Bring GitHub issues and pull requests into local SQLite. Idempotent, incremental, and tunable per workflow.

#The default

gitcrawl sync owner/repo

This fetches open issues and pull requests for the repository. To keep local state from rotting, an incremental sync also sweeps recently closed items so that issues and PRs closed between runs are reflected locally.

A sync writes:

  • repositories — repo metadata
  • threads — issues and PRs (titles, bodies, authors, labels, state, timestamps)
  • documents — canonical thread documents (when bodies change)
  • run_records — sync run statistics

#State filters

gitcrawl sync owner/repo --state open    # default
gitcrawl sync owner/repo --state closed  # only closed
gitcrawl sync owner/repo --state all     # full backfill

--state all is the right choice for a one-shot historical backfill on a new repository. After that, the default --state open (with its closed sweep) is enough for ongoing freshness.

#Time-windowed sync

gitcrawl sync owner/repo --since 2026-04-01T00:00:00Z

--since accepts an RFC 3339 timestamp and limits the GitHub query to threads updated after that point. Combine with --state to scope tightly:

gitcrawl sync owner/repo --state all --since 2026-04-01T00:00:00Z

#Exact rows

gitcrawl sync owner/repo --numbers 123,456 --include-comments

--numbers is the safest way to refresh specific issues or PRs — it bypasses list ordering and the updated-time window, fetching exactly the rows you ask for. Pair it with --include-comments and/or --include-pr-details to hydrate the conversation and PR-only data at the same time.

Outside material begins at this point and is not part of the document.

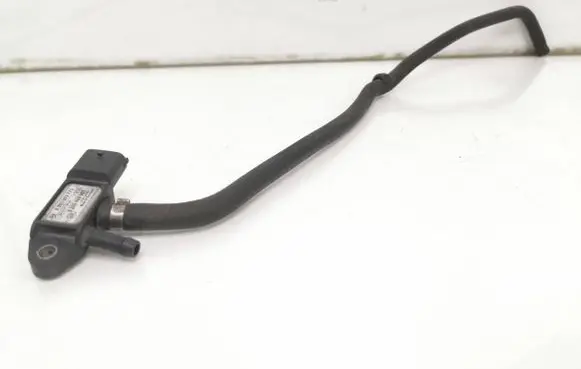 Suzuki Grand Vitara II Exhaust gas pressure sensor 0281002772 8200469905
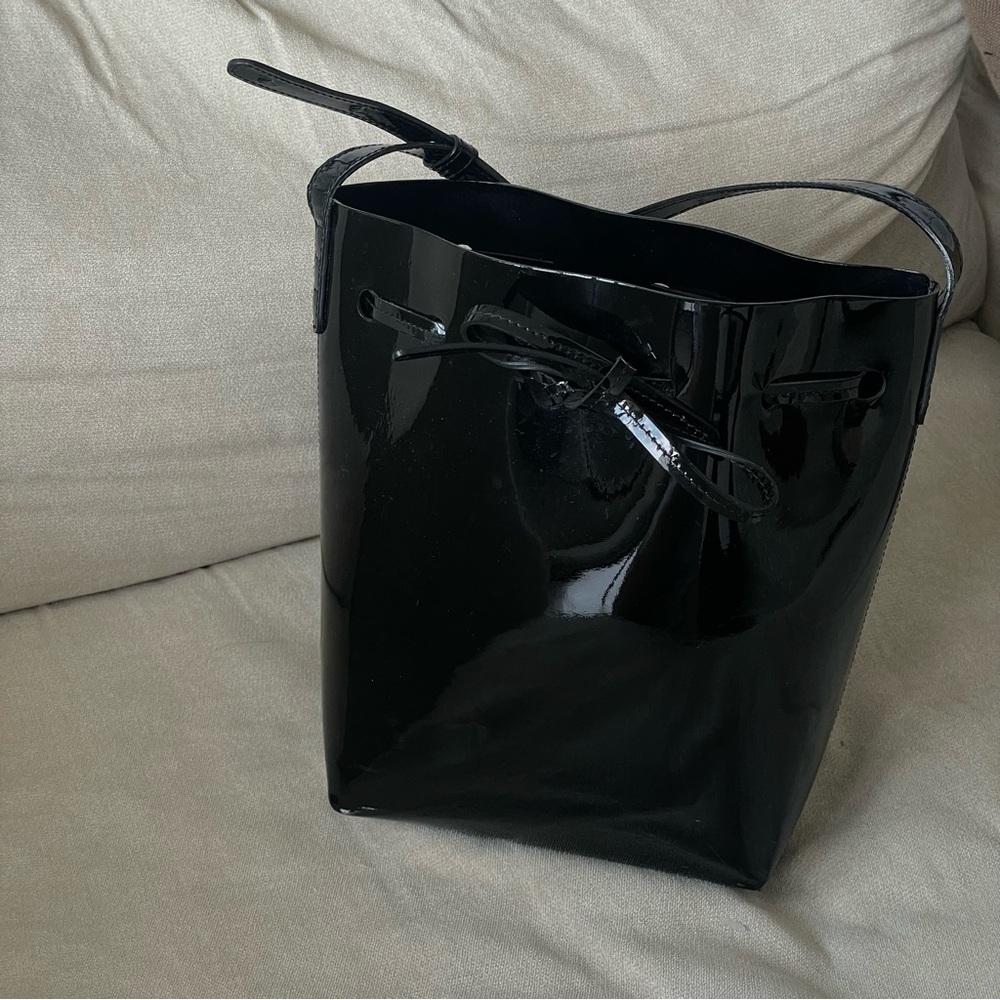Mansur Gavriel patent bucket bag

This is also what the gh shim uses internally for auto-hydration.

#Hydration depth

FlagWhat it adds
--include-commentsIssue comments, PR review comments, reviews
--include-pr-detailsPR files, commits, status checks, workflow runs
--with pr-detailsSame as --include-pr-details (gh-style flag)

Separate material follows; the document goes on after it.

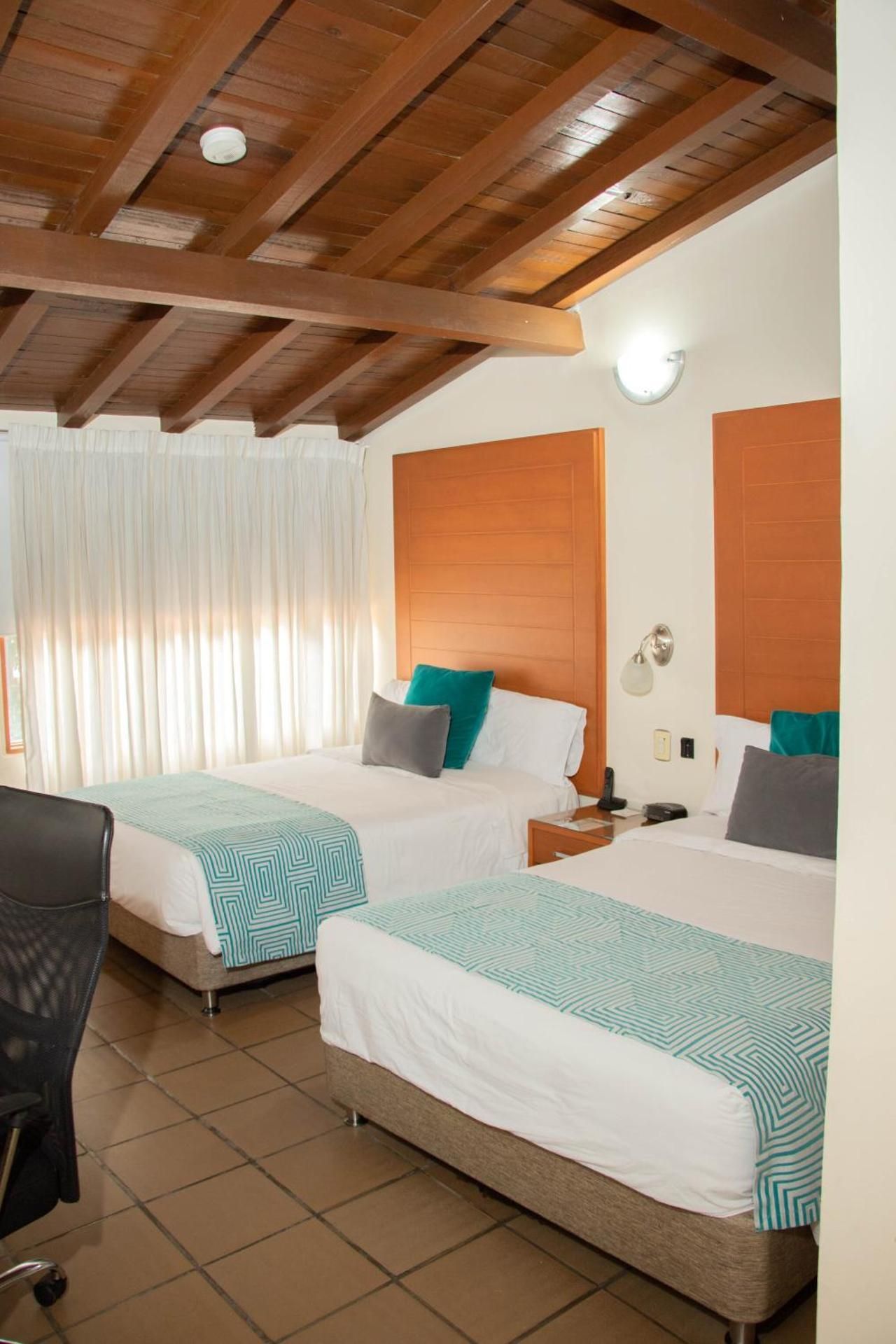 2 Double Beds Executive Room Non-Smoking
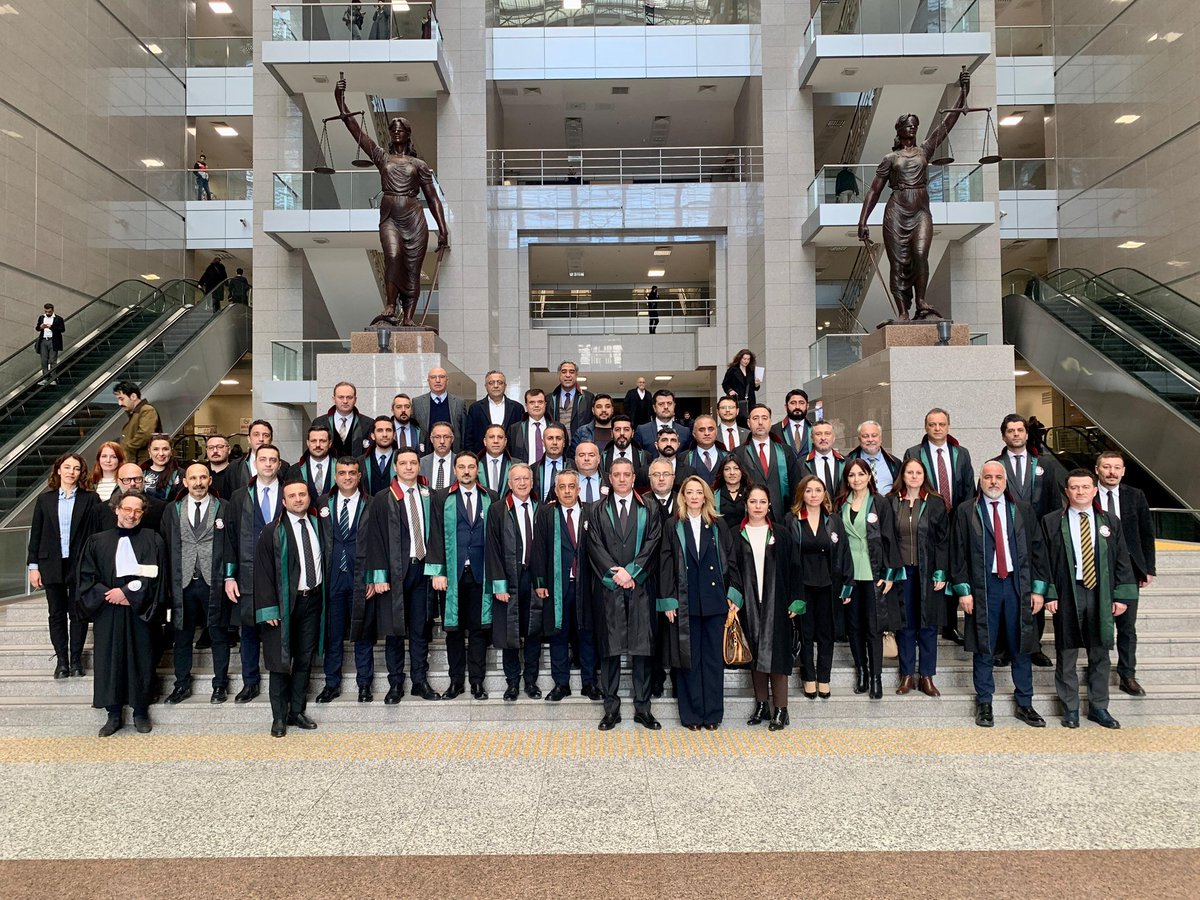 İstanbul Barosunun yanındayız.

PR details land in pr_files, pr_commits, pr_checks, and pr_runs tables and back the gh pr view, gh pr checks, and gh run list/view shim paths. See gh shim.

--include-code is accepted for compatibility but is currently a no-op.

#Limit and pagination

gitcrawl sync owner/repo --limit 200

--limit caps the number of rows fetched in this invocation. The underlying GitHub paginator surfaces total page counts in run records and honors GitHub's Retry-After and rate-limit response headers, so partial syncs interrupted by rate limiting resume cleanly.

#JSON output

gitcrawl sync owner/repo --json
{
  "repository": "owner/repo",
  "state": "open",
  "since": "",
  "selected": 124,
  "inserted": 12,
  "updated": 9,
  "deleted": 0,
  "comments_inserted": 0,
  "comments_updated": 0,
  "reviews_inserted": 0,
  "pr_files_inserted": 0,
  "pr_commits_inserted": 0,
  "run_id": 42,
  "started_at": "2026-05-05T07:30:11Z",
  "finished_at": "2026-05-05T07:30:43Z"
}

#Common workflows

#First-time setup for a repo

gitcrawl sync owner/repo --state all --include-comments
gitcrawl embed owner/repo
gitcrawl cluster owner/repo

Or in one step:

gitcrawl refresh owner/repo --include-comments

#Periodic incremental refresh

gitcrawl sync owner/repo

The closed sweep keeps the open list honest without paying for a full backfill.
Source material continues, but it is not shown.